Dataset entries
::::

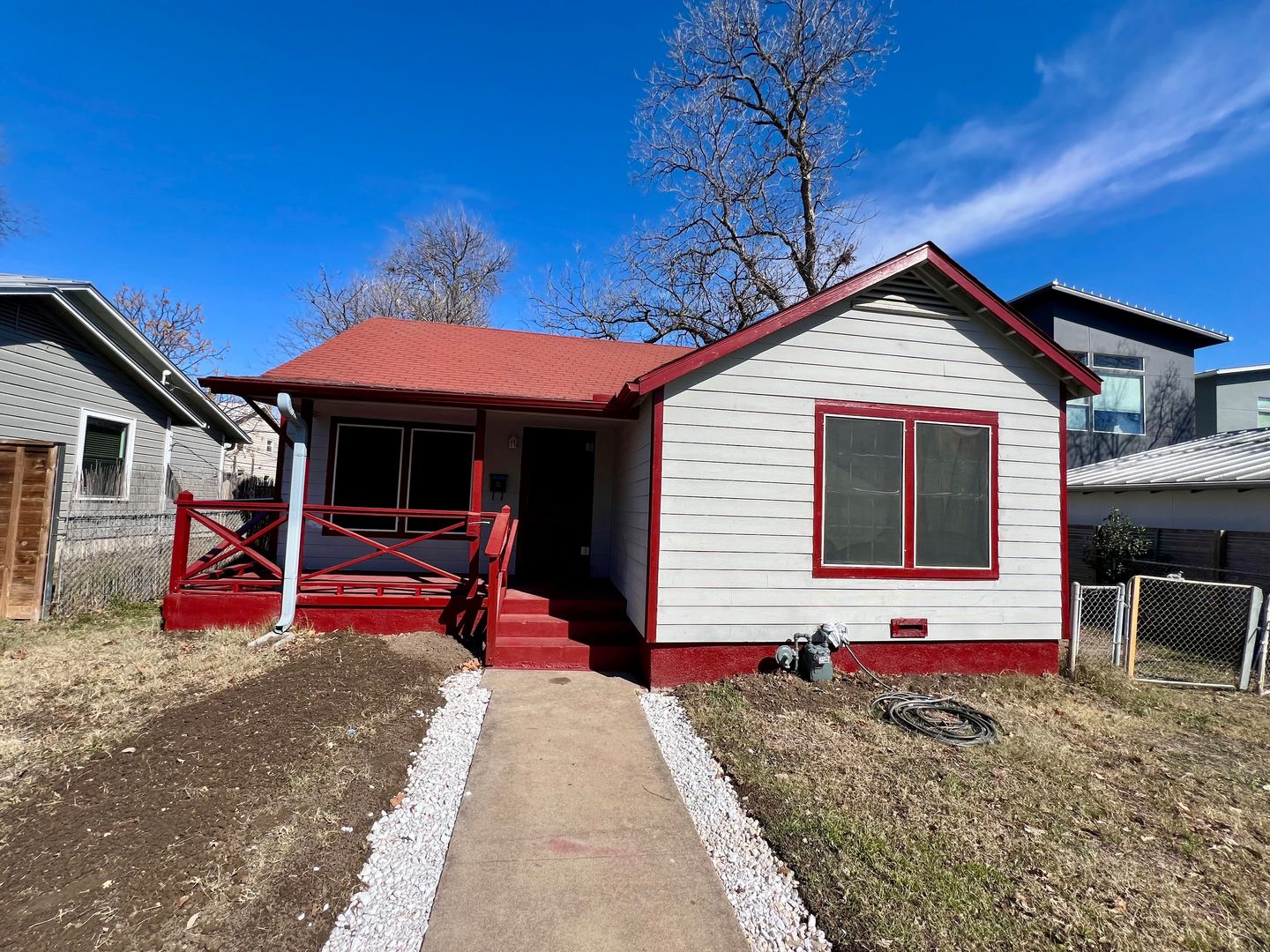 Austin House: 502 Zennia St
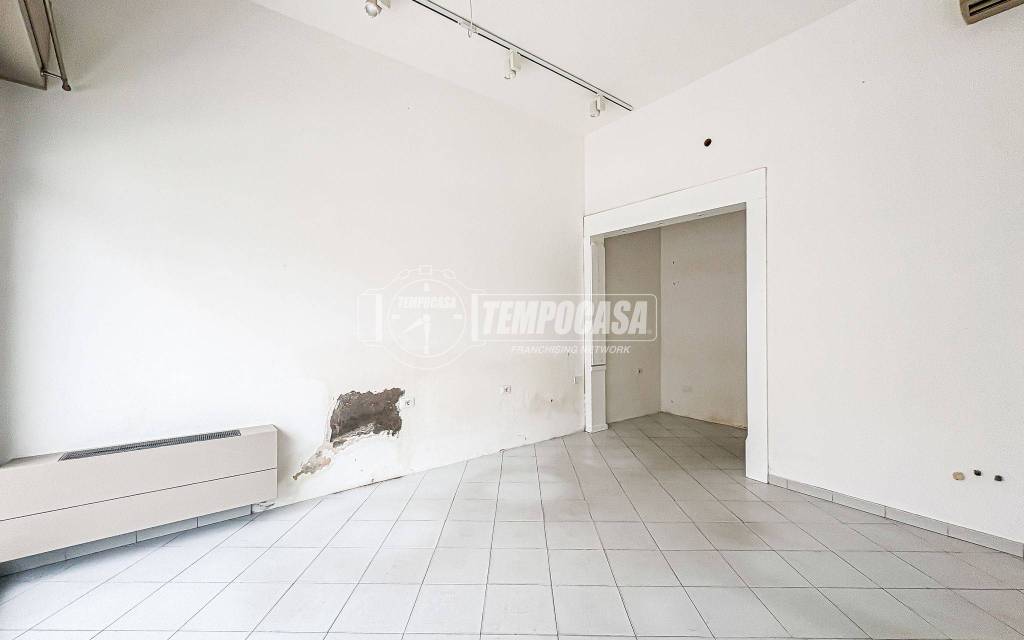 negozio in vendita a Cervia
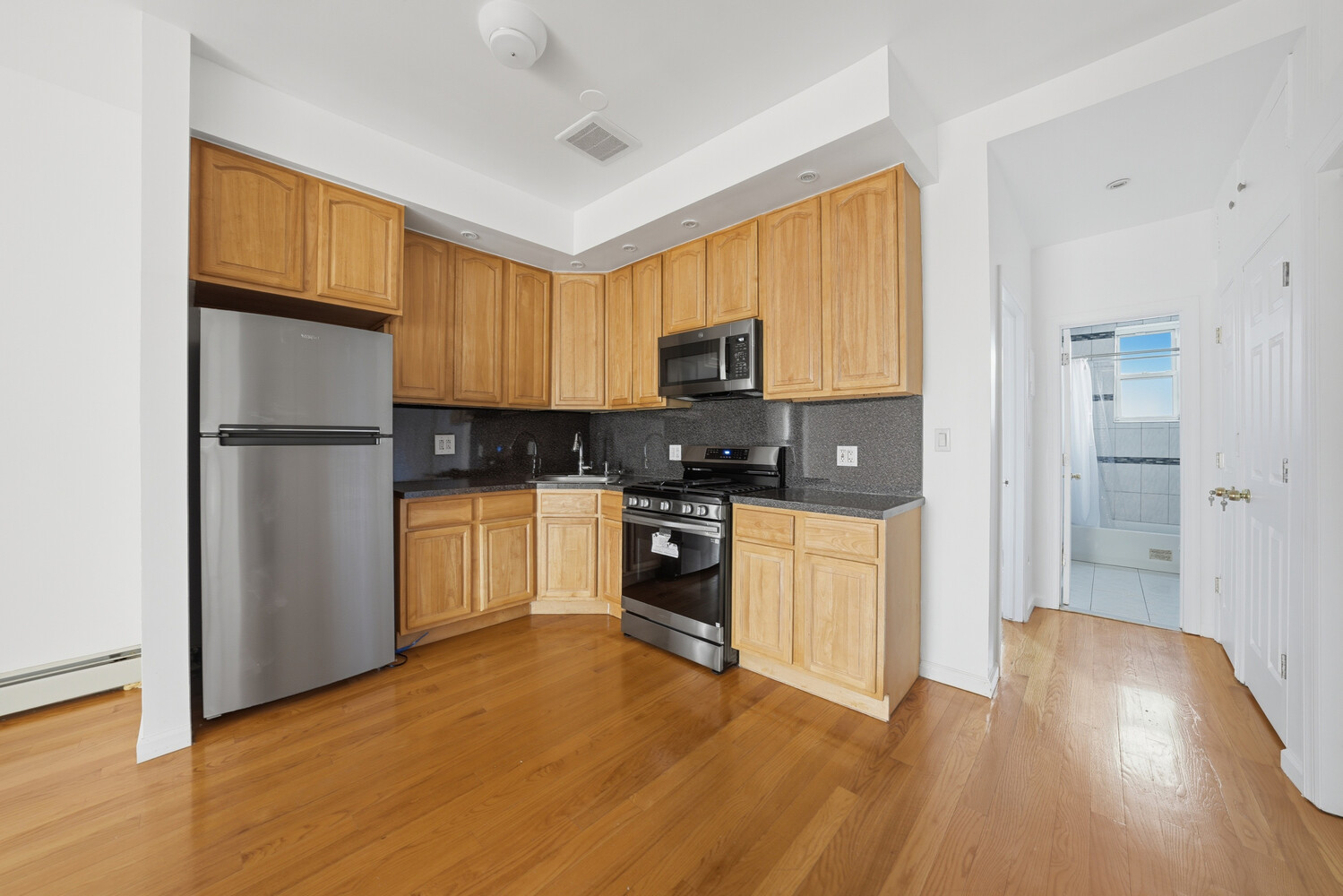 2267 PACIFIC Street Property Photo 1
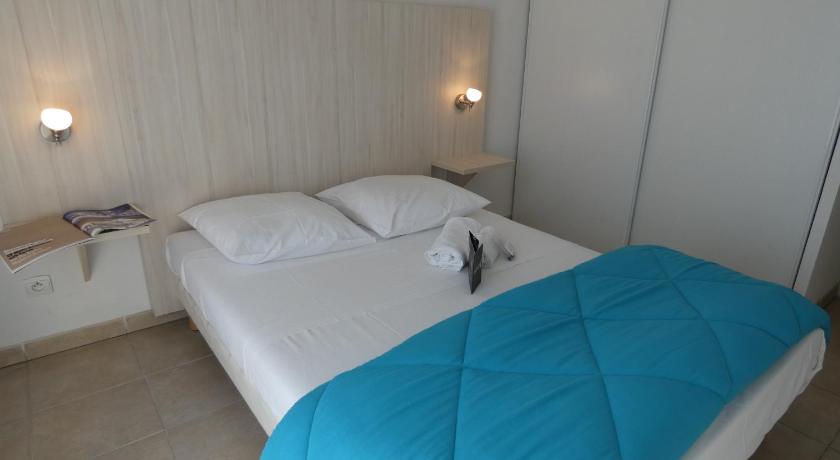 Image of Two-Bedroom Apartment - Pool Side 14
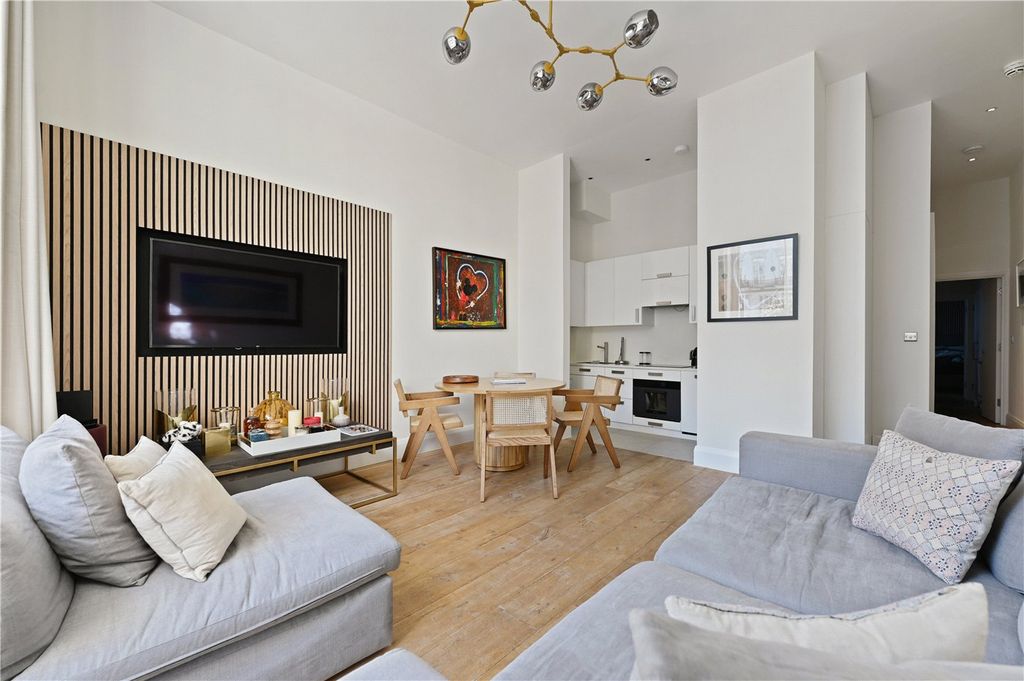 Property photo 3 of 10 Picture No. 04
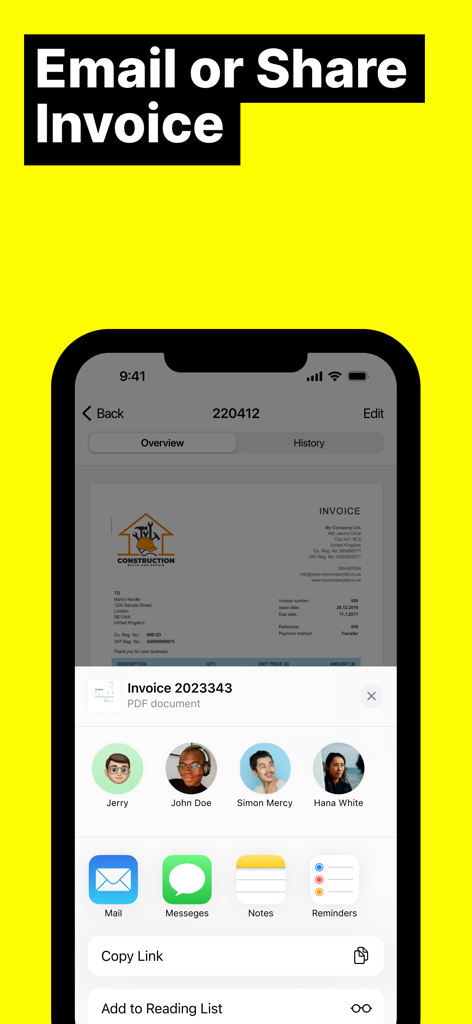 Interface de l'application mobile montrant les options pour envoyer par e-mail ou partager une facture PDF professionnelle via diverses plateformes de messagerie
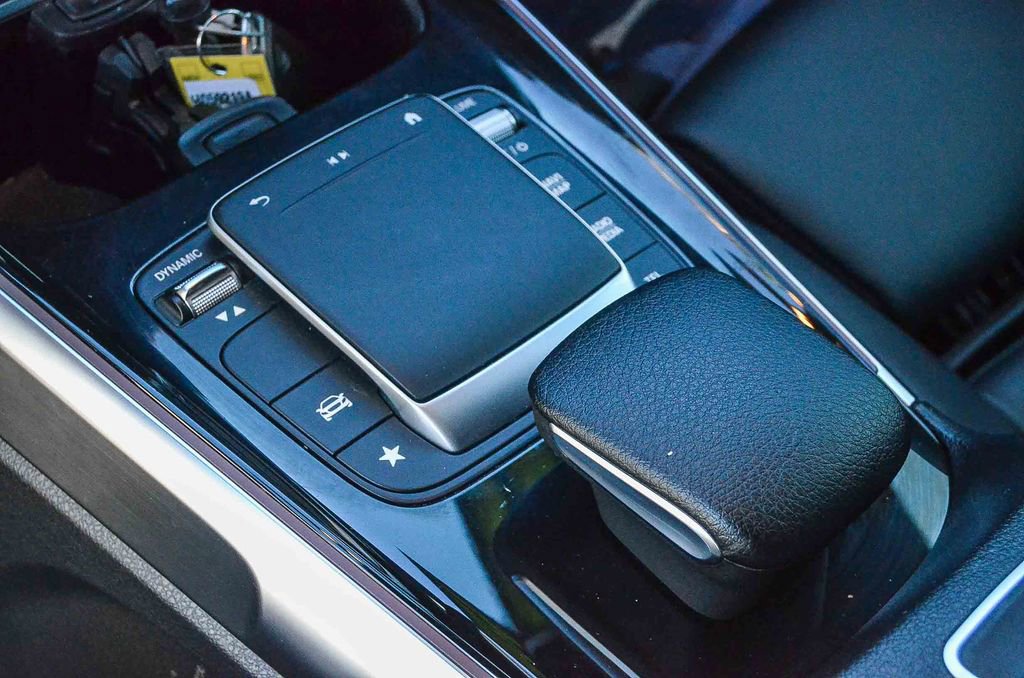 Used 2021 Mercedes-Benz GLB 250 GLB 250 image 20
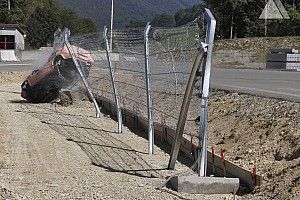 Az FIA jóváhagyott egy új, forradalmi törmelékfogókerítés-rendszert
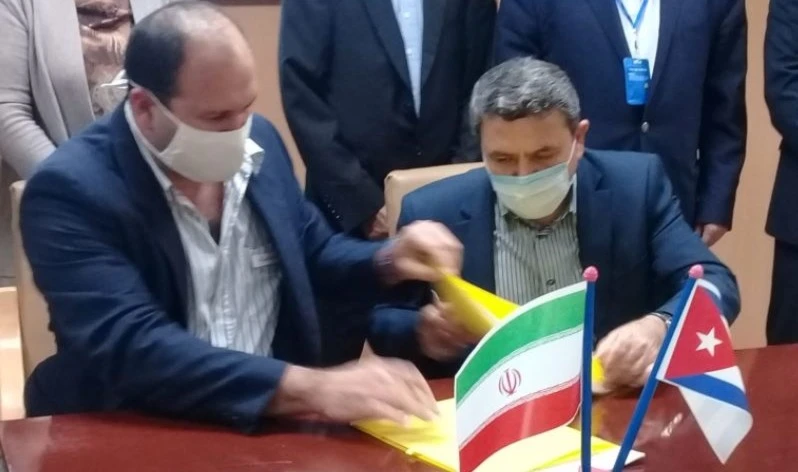 Firma de convenio de colaboración entre el Instituto de Vacunas Finlay de Cuba y el Instituto Pasteur de Irán, el 8 de enero de 2021. Foto: Instituto Finlay Firma de convenio de colaboración entre el Instituto de Vacunas Finlay de Cuba y el Instituto Pasteur de Irán, el 8 de enero de 2021. Foto: Instituto Finlay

::::

◆ Problem to solve
Exclude the pictures and print the rest of the data exactly.

◆ Answer to the exercise
 Austin House: 502 Zennia St
 negozio in vendita a Cervia
 2267 PACIFIC Street Property Photo 1
 Image of Two-Bedroom Apartment - Pool Side 14
 Property photo 3 of 10 Picture No. 04
 Interface de l'application mobile montrant les options pour envoyer par e-mail ou partager une facture PDF professionnelle via diverses plateformes de messagerie
 Used 2021 Mercedes-Benz GLB 250 GLB 250 image 20
 Az FIA jóváhagyott egy új, forradalmi törmelékfogókerítés-rendszert
 Firma de convenio de colaboración entre el Instituto de Vacunas Finlay de Cuba y el Instituto Pasteur de Irán, el 8 de enero de 2021. Foto: Instituto Finlay Firma de convenio de colaboración entre el Instituto de Vacunas Finlay de Cuba y el Instituto Pasteur de Irán, el 8 de enero de 2021. Foto: Instituto Finlay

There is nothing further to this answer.